# How to make bridge br0 start at boot? (SOLVED)

## Akaihiryuu

I have a bridge set up between ethernet (eth0) and wireless (ath0).  Everything works, however I have not been able to find a way to make br0 start at boot.  I added bridge to /etc/modules.autoload.d/kernel-2.6 so that the options I set in sysctl.conf will work.  However, br0 does not show up in "device initiated services" and thus does not start automatically.  The problem is, my LAN IP address is on br0, so if br0 isn't started most of my services (DHCP, named, etc) will not start properly.  Adding br0 to the default runlevel also does not help...it doesn't try to start this way until after most of the other services have attempted to start.  Is there any way to get it to start with the rest of the network interfaces?Last edited by Akaihiryuu on Tue Jul 17, 2007 7:39 pm; edited 1 time in total

----------

## alex.blackbit

i'm not sure, but since it's a network device, you could try to symlink "/etc/init.d/net.lo" to "/etc/init.d/net.br0" and add that to your runlevel.

----------

## Akaihiryuu

I did that, it doesn't work.  It doesn't try to start br0 until long after all of the necessary services (DHCP, etc) try to start and fail due to the interface not being up.

----------

## Akaihiryuu

I found an extremely inelegant workaround...adding net.br0 to the boot runlevel.  This really messes up the way things start, but it does get br0 up before the other services.  This is definitely a huge problem though, because as of right now, the startup scripts don't support bridging...and a server should be able to start up on its own without any intervention.  The whole using hotplug events to start network interfaces is very dumb IMO, things worked much better when you could just stick the interfaces you wanted to start in the default runlevel.

----------

## Cyker

Compile it into the kernel?

----------

## Monkeh

 *Akaihiryuu wrote:*   

> The whole using hotplug events to start network interfaces is very dumb IMO

 

So turn it off.

----------

## Akaihiryuu

How do you disable that?  I'd much rather start my interfaces myself by putting them in default.

----------

## Akaihiryuu

Still no go...I managed to keep Hotplug from bringing interfaces up, but they're still being brought up in the wrong order.  The scripts don't seem to be able to handle a bridge interface...however the bridge *must* be up before any other services like named or dhcp or the server will not be able to start on its own.  I plan on this thing being completely headless, and I want the startup to be fully automatic...even though I very rarely reboot (except to change kernels), sometimes things like power outages cause it.  The problem is, br0 needs to be up for net to be considered up, but eth1 doesn't necessarily.  What would really be great is a modification to the scripts so that instead of strict net checking yes or no, you could put a list of interfaces that are required to be up for net to be considered up.  Dependencies would take care of the rest.

----------

## Monkeh

Look up RC_NEED and RC_USE.

----------

## Akaihiryuu

Ok, those sound like environment variables.  I can't find them in any man pages that I know of though (rc doesn't seem to have a man page, since it's just a script).  Is there anywhere I can find documentation on those?

----------

## Monkeh

 *Akaihiryuu wrote:*   

> Ok, those sound like environment variables.  I can't find them in any man pages that I know of though (rc doesn't seem to have a man page, since it's just a script).  Is there anywhere I can find documentation on those?

 

I.. really can't remember where I read about them.

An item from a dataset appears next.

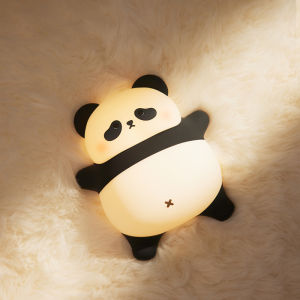 Lying Panda LED Night Light Touch Sensor Cartoon Kids Nightlights Silicone Holiday Christmas Gift Bedside Lamp Bedroom Decor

Anyway, iirc, RC_NEED adds a hard dependency for a service, and RC_USE will depend on a service if it's in the current runlevel. I think.

----------

## Cyker

Aha! My search-fu is strong today!  :Very Happy: 

https://forums.gentoo.org/viewtopic-t-540093-highlight-.html

----------

## Akaihiryuu

Damn, no matter what I do nothing works.  I tried making eth1, named, and dhcpd depend on net.br0, all I get is a message saying eth1 starting has been delayed until br0 is up, then it proceeds to not give me any output until a bunch of stuff tries to start and fails because eth1 isn't up.  There has to be a better way to do this...I'm thinking of dropping the entire script system and moving over to initng, it might be the only way to be able to have my server start up on its own without me having to type in several console commands.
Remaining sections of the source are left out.